JERUSALEM: L'armée israélienne a annoncé jeudi après-midi des frappes imminentes dans le sud du Liban contre ce qu'elle présente comme des infrastructures du mouvement islamiste Hezbollah, et a appelé à des évacuations dans deux villages de cette région.

Cette annonce survient au lendemain d'une rencontre entre responsables civils libanais et israélien, lors d'une réunion de l'organisme de surveillance du cessez-le-feu entré en vigueur il y a un an, présentée comme de premières discussions directes depuis plus de 40 ans entre les deux pays toujours techniquement en état de guerre.

Les forces israéliennes vont "bientôt attaquer des infrastructures terroristes du Hezbollah à travers le sud du Liban afin de contrer ses tentatives illégales de rétablir ses activités dans la région", a annoncé le colonel Avichay Adraee, porte-parole de l'armée israélienne pour le public arabophone.

Dans un "message urgent" en arabe, le colonel Adraee signale, cartes à l'appui, deux bâtiments dans les villages de Jbaa et Mahrouna, dont il appelle les riverains dans un rayon d'au moins 300 mètres à s'écarter.
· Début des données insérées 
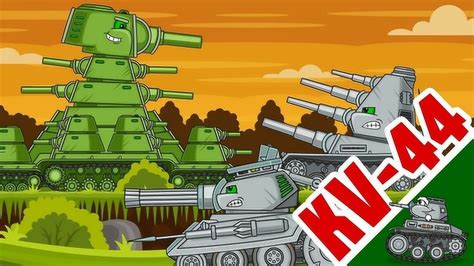 坦克世界动画：KV-44机器人大战利维坦机器人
Accusant le Hezbollah de se réarmer dans le sud du pays et de violer ainsi les termes de la trêve entrée en vigueur fin novembre 2024, l'armée israélienne a multiplié depuis plusieurs semaines les frappes aériennes dans le sud du Liban mais a marqué une pause dans ses attaques pendant la visite du pape Léon XIV cette semaine.

Israël a même frappé jusque dans la banlieue de Beyrouth le 23 novembre pour y éliminer le chef militaire du Hezbollah, Haitham Ali Tabatabai.

Le Liban dénonce ces attaques comme des violations patentes du cessez-le-feu.

Mais Israël, qui peut compter sur l'aval tacite des Etats-Unis pour ces frappes, affirme qu'il ne fait qu'appliquer la trêve en empêchant le Hezbollah, allié de la République islamique d'Iran, ennemie d'Israël, "de se reconstruire et de se réarmer".

Tout en déclarant que les discussions directes de mercredi avec le Liban s'étaient déroulées dans "une atmosphère positive", le Premier ministre israélien Benjamin Netanyahu a rappelé mercredi soir que le désarmement du Hezbollah restait une exigence "incontournable" pour son pays.